Stored dataset items
____
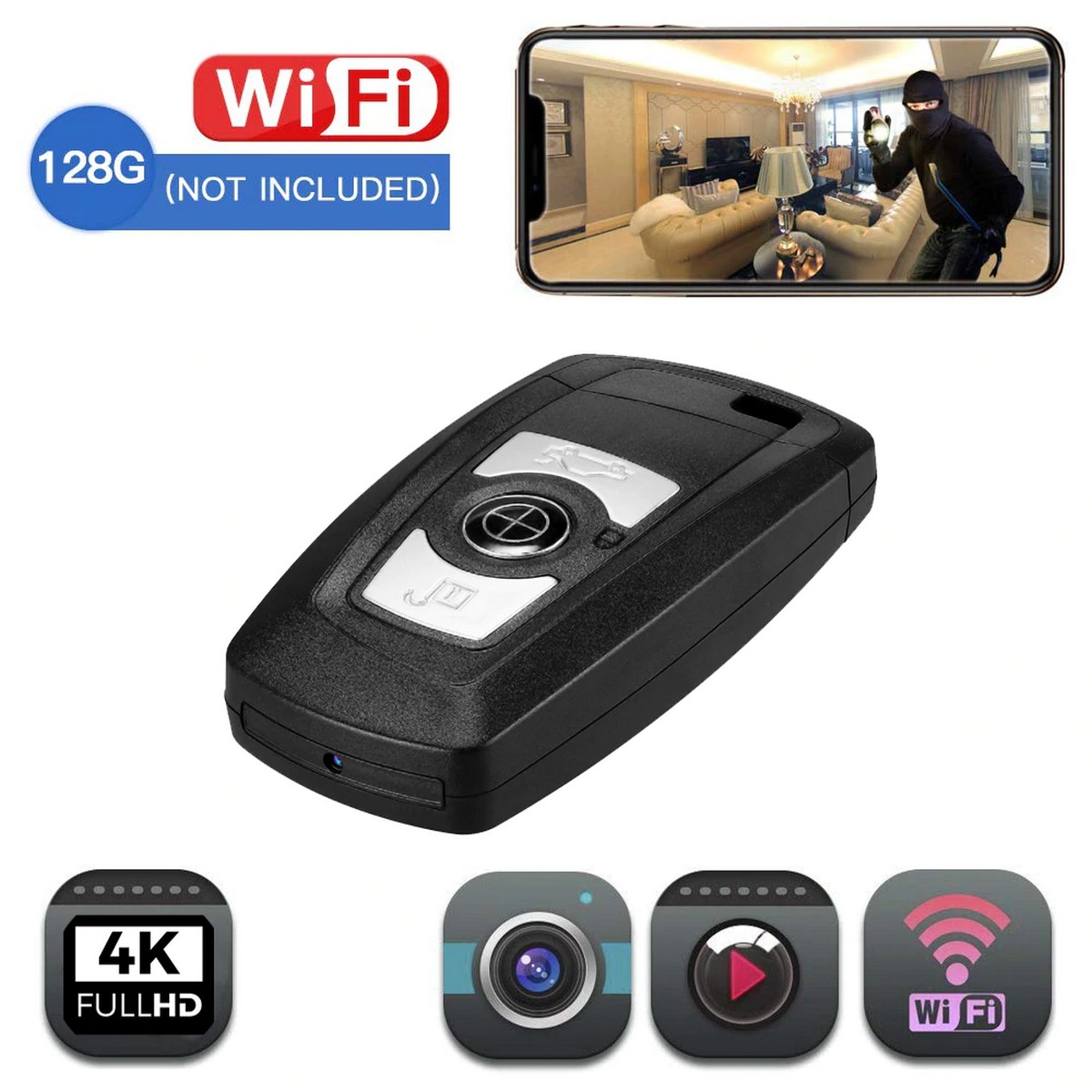spionazna kamera v kľúči od auta či klúčenke k autu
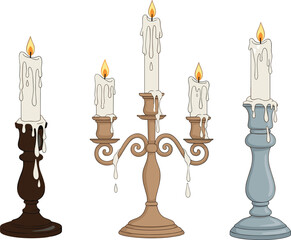 Vintage candle holders with burning candles, dripping wax, antique decor illustration, classic light source, old fashioned home design element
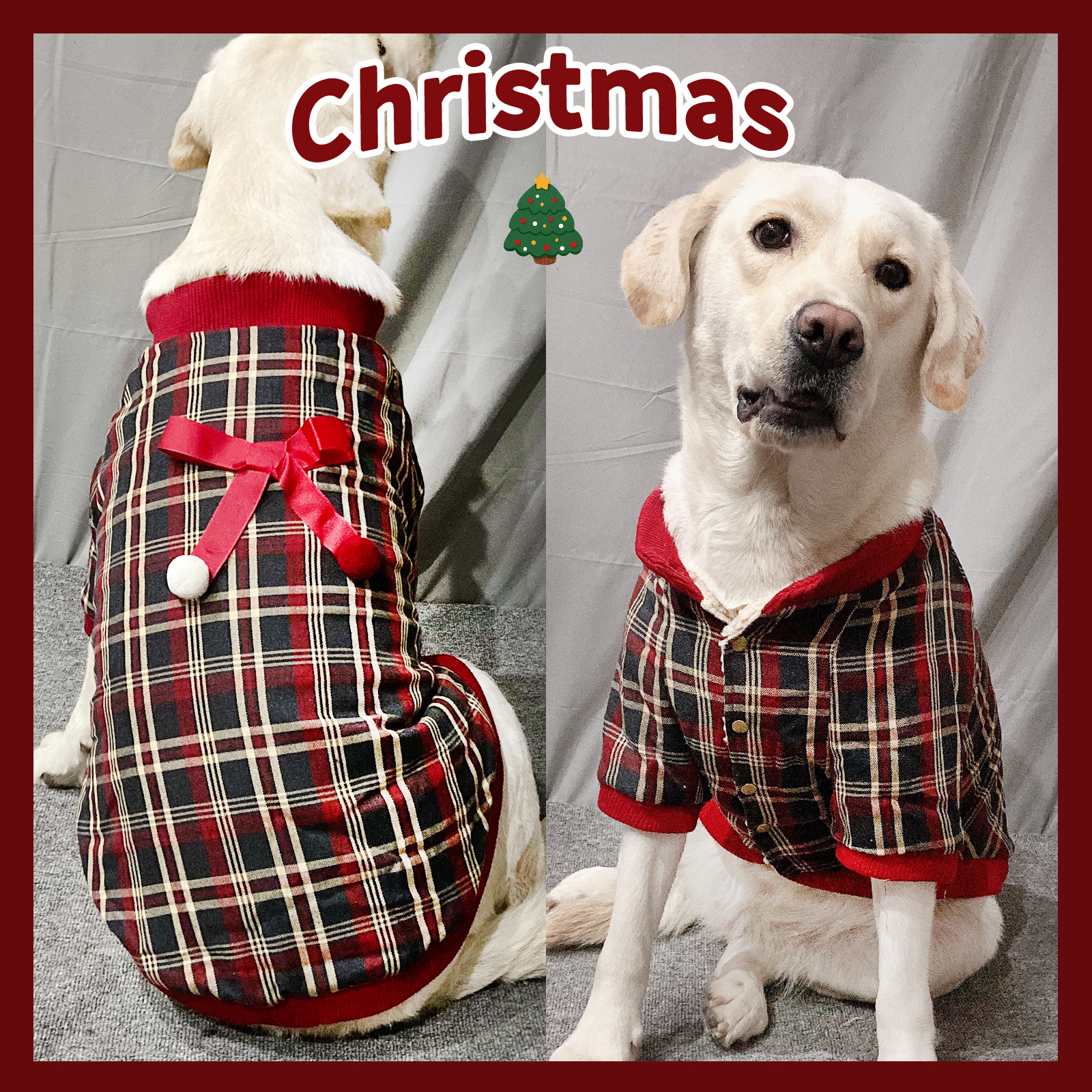 圣诞进行时！大狗冬季衣服拉布拉多萨摩耶牛头梗冬装棉服加绒加厚
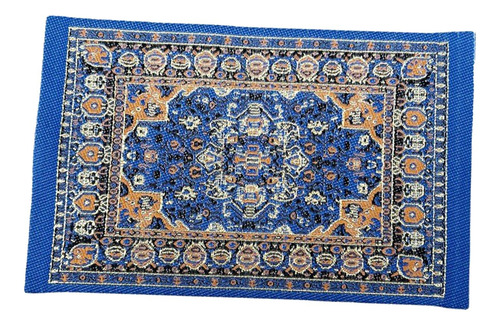 1/12 Alfombra Tejida 16x10cm Hogar Sala De Estar Juego Azul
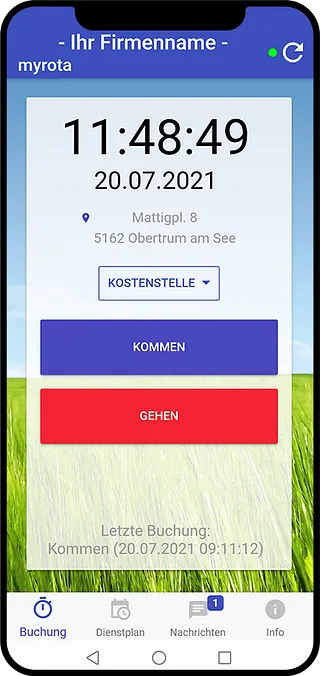 Arbeitszeitaufzeichnung am Smartphone mit Kommen und Gehen Buttons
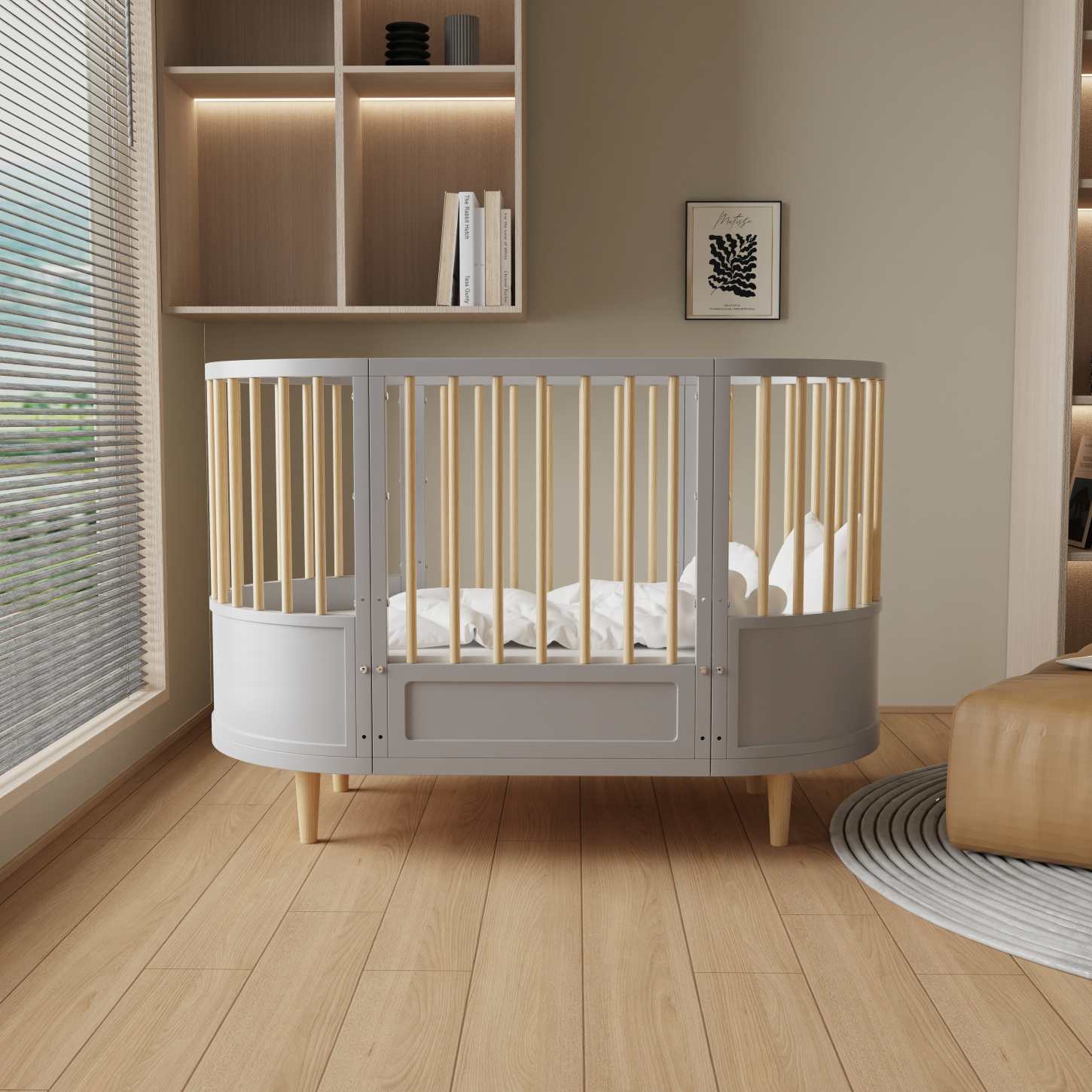 Curved Round Convertible Baby Crib Natural Wood Slats Grey Nursery Bed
____
• _Task details_: Retype the entries above word for word, minus any images.

• _Solution for this exercise_:
spionazna kamera v kľúči od auta či klúčenke k autu
 Vintage candle holders with burning candles, dripping wax, antique decor illustration, classic light source, old fashioned home design element
 圣诞进行时！大狗冬季衣服拉布拉多萨摩耶牛头梗冬装棉服加绒加厚
 1/12 Alfombra Tejida 16x10cm Hogar Sala De Estar Juego Azul
 Arbeitszeitaufzeichnung am Smartphone mit Kommen und Gehen Buttons
 Curved Round Convertible Baby Crib Natural Wood Slats Grey Nursery Bed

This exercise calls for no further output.